RALEIGH -- A tweet from my great-grandfather appeared on my screen the other day while I was looking up something else. I hadn't known he was using social media. He had been dead for 93 years, or so his headstone in Greensboro's Green Hill Cemetery attested.
But the Twitter message was still vivid. The division he was attached to had marched on Gettysburg that day and had just driven the Yankees 2 miles. Three officers he knew had been badly wounded.
"Col. Parker wounded in the face. The ball entered just below one eye and came out just below the other, cutting the nasal tubes," he wrote.
Another tweet: "When I knelt by him and prayed for him and his wife and children, he seemed about to strangle with the blood."
And another: "I stopped praying and held my arm lovingly over him till he was quiet."
These words came from July of 1863, when Alexander Davis Betts, a 29-year-old Methodist preacher, was serving the 30th North Carolina as its chaplain. He kept a diary of his war years, and it reposes with his other papers at Wilson Library at UNC-Chapel Hill. Savvy historians have made good use of it, turning entries into short bursts of what it was like to ride with and minister to the troops of Stonewall Jackson and Robert E. Lee.
It's timely now as North Carolina and other states observe the sesquicentennial of the Civil War.
The N.C. Department of Cultural Resources has a long list of events, photos and even its own Twitter site (go to www.ncdcr.gov and follow the Civil War prompts).
It was 150 years ago this month, his diary notes, that the war began for A.D. Betts: "One day in April, 1861, I heard that President Lincoln had Called on the State troops to force the seceding States back into the Union. That was one of the saddest days of my life. I had prayed and hoped that war might be averted. I had loved the Union, and clung to it. That day I saw war was inevitable. The inevitable must be met. That day I walked up and down my porch in Smithville (now Southport) and wept and suffered and prayed for the South.
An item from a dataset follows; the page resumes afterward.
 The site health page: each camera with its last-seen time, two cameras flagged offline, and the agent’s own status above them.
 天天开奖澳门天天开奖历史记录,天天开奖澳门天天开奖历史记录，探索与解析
"The drum and fife were soon heard there, and all through the Old North State companies of our best men, young and middle aged, offered themselves to the Governor of the State."
Betts, who would live to be 85, was commissioned in October. Over the next four years he rode, usually on horseback, with his regiment through battles at Gettysburg and Antietam Creek and Mechanicsville and a dozen other places before making the long retreat back home. He visited with troops, nursed the wounded, preached to the men, wrote letters home to newly made widows and occasionally came across the corpses of friends he had gone to college with at Chapel Hill.
"A fearful fight from 3 til 9 p.m.," he wrote at Gettysburg.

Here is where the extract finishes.